Many countries have flag carriers – the list includes France, the United Kingdom, Australia, Turkey, Iceland Singapore and South Africa. The United States is not on the list.

This begs the question “Why doesn’t the world’s largest economy have its own national airline?”  The second question to ask is: “If the United States feels it cannot justify bank-rolling a national airline, does it make sense for South Africa to do so?”

Many arguments have been advanced to justify a national carrier. Obvious reasons include patriotism and the need to showcase the country’s brand, culture and cuisine. Singapore airlines is very good at this – the food is Singaporean and the crew are very distinctive in their airline uniform.

None of this holds true for SAA. There is nothing typically south African about the crew’s uniform, neither does the food showcase our national cuisine. I have never seen any biltong, bobotie, bunny chow, mogodi with tig, melktert or koeksisters on the menu. SAA does not showcase the country’s brand, culture or cuisine.

SAA has enjoyed a lot of media coverage, mostly negative. A very positive article published in the Sunday Times Business Times on 27 May: “Africa stands to lose if SAA sinks.
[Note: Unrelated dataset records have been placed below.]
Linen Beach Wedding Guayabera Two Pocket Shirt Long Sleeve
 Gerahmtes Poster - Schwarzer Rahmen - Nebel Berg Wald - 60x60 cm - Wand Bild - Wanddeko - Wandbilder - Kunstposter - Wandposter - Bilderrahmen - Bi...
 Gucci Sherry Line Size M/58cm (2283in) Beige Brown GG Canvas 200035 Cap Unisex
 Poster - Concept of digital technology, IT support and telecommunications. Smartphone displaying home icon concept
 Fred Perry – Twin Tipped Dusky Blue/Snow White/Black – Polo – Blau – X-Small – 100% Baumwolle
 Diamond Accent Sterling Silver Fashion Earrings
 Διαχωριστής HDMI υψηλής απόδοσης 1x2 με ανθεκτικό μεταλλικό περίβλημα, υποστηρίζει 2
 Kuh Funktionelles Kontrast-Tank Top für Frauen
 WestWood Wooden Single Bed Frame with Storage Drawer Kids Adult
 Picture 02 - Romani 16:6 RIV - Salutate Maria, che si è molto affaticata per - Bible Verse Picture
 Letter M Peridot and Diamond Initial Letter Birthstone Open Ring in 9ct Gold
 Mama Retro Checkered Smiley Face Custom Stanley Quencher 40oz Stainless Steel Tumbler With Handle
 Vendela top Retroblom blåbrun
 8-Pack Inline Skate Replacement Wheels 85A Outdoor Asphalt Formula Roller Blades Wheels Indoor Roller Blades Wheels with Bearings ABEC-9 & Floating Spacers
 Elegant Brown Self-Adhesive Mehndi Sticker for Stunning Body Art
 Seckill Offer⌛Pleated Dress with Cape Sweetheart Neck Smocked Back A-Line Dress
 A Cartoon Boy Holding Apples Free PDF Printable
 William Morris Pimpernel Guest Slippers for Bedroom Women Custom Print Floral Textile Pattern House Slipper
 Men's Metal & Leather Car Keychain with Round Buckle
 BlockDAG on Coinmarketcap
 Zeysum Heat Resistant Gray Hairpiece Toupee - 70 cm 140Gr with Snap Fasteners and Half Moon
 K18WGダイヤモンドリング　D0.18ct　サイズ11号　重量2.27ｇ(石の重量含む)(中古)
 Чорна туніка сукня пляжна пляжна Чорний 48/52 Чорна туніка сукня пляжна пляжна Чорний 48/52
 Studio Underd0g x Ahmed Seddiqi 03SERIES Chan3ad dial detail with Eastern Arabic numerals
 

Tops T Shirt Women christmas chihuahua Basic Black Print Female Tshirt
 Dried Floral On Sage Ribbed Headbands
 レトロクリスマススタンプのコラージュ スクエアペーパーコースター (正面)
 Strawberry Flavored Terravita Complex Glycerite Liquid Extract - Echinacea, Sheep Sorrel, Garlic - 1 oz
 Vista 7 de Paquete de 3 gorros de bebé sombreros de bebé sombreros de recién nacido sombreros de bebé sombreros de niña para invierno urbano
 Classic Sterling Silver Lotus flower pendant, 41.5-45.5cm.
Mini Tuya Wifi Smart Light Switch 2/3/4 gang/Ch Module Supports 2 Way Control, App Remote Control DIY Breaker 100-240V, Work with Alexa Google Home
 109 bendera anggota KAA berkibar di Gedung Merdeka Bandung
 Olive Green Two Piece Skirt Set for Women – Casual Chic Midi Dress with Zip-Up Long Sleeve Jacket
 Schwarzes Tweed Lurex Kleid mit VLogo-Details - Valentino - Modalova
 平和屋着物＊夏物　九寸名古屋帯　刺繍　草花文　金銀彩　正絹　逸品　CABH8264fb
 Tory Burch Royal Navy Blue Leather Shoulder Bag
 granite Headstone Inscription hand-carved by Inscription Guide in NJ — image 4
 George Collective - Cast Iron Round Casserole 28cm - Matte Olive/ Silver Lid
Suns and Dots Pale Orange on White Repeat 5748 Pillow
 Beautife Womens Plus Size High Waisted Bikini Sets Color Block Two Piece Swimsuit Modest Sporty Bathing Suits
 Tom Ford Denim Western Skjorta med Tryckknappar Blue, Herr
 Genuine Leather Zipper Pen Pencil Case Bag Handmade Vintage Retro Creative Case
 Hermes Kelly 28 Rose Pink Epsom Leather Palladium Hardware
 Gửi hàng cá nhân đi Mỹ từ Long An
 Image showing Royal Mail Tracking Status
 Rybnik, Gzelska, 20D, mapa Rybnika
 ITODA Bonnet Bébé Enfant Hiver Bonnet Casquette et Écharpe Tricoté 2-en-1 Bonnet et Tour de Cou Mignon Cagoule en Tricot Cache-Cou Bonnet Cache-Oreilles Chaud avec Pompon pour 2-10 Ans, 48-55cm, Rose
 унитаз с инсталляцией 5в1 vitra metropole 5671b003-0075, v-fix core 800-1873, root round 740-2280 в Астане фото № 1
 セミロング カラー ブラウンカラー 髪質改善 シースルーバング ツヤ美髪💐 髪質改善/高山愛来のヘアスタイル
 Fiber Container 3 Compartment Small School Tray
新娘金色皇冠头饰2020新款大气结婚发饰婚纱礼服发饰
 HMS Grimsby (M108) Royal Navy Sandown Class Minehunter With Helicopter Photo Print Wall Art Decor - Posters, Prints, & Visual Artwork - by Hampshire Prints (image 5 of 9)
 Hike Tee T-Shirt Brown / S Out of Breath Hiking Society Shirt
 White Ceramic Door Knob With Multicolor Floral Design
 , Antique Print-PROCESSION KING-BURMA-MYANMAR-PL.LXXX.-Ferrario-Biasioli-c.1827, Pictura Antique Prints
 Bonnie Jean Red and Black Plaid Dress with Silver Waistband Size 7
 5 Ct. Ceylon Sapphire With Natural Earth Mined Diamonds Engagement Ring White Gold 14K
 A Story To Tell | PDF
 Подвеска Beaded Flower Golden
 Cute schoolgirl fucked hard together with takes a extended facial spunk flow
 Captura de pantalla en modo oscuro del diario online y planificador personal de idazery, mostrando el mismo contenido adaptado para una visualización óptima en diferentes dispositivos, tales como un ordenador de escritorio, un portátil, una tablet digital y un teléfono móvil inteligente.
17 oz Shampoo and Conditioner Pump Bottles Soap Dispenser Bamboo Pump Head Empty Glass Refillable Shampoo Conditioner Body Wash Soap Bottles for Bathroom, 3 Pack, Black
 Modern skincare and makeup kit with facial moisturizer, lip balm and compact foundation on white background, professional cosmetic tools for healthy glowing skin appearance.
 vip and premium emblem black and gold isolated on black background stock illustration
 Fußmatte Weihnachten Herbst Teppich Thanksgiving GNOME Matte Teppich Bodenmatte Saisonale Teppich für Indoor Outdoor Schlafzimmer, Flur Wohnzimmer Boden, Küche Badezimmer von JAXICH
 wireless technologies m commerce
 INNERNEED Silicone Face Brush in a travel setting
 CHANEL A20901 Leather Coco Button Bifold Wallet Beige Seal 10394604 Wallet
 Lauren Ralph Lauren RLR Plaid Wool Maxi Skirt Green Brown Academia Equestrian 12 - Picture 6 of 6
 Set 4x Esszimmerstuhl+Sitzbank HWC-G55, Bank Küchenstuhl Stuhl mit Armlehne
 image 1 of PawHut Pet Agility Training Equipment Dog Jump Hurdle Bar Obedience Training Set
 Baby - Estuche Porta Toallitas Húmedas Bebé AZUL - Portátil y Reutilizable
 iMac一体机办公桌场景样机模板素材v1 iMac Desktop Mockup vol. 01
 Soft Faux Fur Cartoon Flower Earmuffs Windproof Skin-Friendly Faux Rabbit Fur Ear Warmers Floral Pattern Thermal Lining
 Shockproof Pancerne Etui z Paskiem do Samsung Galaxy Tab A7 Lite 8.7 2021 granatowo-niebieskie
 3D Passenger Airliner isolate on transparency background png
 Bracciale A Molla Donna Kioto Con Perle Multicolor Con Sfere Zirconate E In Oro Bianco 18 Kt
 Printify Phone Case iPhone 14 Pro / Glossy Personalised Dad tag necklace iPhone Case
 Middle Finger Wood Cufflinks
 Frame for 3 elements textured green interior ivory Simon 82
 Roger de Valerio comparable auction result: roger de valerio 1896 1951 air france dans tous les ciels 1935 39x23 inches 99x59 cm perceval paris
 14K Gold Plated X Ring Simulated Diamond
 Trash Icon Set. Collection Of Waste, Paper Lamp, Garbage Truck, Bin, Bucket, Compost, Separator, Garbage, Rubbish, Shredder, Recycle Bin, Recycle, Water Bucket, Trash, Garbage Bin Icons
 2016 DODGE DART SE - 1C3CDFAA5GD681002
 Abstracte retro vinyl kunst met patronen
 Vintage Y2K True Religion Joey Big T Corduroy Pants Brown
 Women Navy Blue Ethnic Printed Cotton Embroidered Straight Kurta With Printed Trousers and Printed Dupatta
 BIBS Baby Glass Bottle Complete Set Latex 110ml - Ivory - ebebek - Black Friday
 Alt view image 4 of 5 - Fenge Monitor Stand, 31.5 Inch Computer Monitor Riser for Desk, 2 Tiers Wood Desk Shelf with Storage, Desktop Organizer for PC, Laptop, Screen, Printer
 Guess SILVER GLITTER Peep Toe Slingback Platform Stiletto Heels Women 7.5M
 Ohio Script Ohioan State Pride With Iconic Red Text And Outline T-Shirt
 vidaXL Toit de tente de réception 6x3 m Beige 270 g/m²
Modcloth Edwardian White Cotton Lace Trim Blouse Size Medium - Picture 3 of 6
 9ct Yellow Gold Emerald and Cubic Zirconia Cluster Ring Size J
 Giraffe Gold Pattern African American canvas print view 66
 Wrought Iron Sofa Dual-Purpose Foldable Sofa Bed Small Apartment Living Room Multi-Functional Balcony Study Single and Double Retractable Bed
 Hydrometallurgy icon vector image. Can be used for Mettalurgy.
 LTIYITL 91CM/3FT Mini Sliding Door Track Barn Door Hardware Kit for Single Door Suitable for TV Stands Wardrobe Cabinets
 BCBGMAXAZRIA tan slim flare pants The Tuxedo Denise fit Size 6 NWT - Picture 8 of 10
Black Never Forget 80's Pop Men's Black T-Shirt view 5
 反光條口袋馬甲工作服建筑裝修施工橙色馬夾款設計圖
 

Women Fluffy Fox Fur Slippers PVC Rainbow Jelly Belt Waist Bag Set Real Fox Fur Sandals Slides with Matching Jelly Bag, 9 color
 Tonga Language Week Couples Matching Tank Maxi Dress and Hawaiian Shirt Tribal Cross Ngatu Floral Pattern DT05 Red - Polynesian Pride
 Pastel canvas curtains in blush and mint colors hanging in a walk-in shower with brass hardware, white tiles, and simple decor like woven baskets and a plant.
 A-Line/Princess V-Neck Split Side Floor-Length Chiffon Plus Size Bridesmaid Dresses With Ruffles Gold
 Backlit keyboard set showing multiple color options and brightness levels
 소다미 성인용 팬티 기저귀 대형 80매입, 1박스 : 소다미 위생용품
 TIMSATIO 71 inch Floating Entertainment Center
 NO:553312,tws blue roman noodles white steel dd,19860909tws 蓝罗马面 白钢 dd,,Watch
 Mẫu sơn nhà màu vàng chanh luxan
So does Jo’burg,” got me thinking.

The article points out SAA “is begging government for billons of rands to remain a going concern.” Last year, government gave SAA R10bn bailout. This year, the new CEO has asked for around R5bn. R9.2bn in debt is due to be repaid in 2019.

The authors, Ray Ndlovu cite some interesting facts:

  • SAA services 25 routes
  • Zimbabwe is SAA’s most lucrative route (ten flights daily into Zimbabwe, 370 000 passengers annually)
  • Most lucrative routes for SAA, Johannesburg-Lusaka, Johannesburg-London, Johannesburg-Maputo, Johannesburg-Windhoek
  • Unprofitable routes cost SAA around R350 million per month
  • If SAA were to fold, there would be a loss of 10 000 jobs
  • Without a strong SAA presence on the continent, “the shine could come off Johannesburg.”

It is important to add the following facts:

  • During the 2016/2017 financial year, SA made a loss of R5.6bn
  • SAA has run at a loss for the past seven years
  • 2014 figures indicate that it cost SAA R1,218,344 to keep each job

I have always admired Warren Buffett. He is ranked the world’s 3rd wealthiest individual in 2018 ($91.3bn). His credentials confirm that there is merit in what he says. In 2008 he wrote the following to Berkshire Hathaway shareholders: “The worst sort of business is one that grows rapidly, requires significant capital to engender the growth, and then earns little of no money. Think airlines. Here a durable competitive advantage has proven elusive since the days of the Wright Brothers. Indeed, if a farsighted capitalist had been present at Kitty Hawk, he would have done his successors a huge favour by shooting Orville down.”

Taxpayers will agree that SAA has proved a bottomless pit. Should our leaders shut down the airline and allocate the funding elsewhere? Should government privatise the airline? Is it a bridge too far to hope that SAA could be turned around and operate as a profitable business? Can we learn from the USA, or from Buffett? Should we?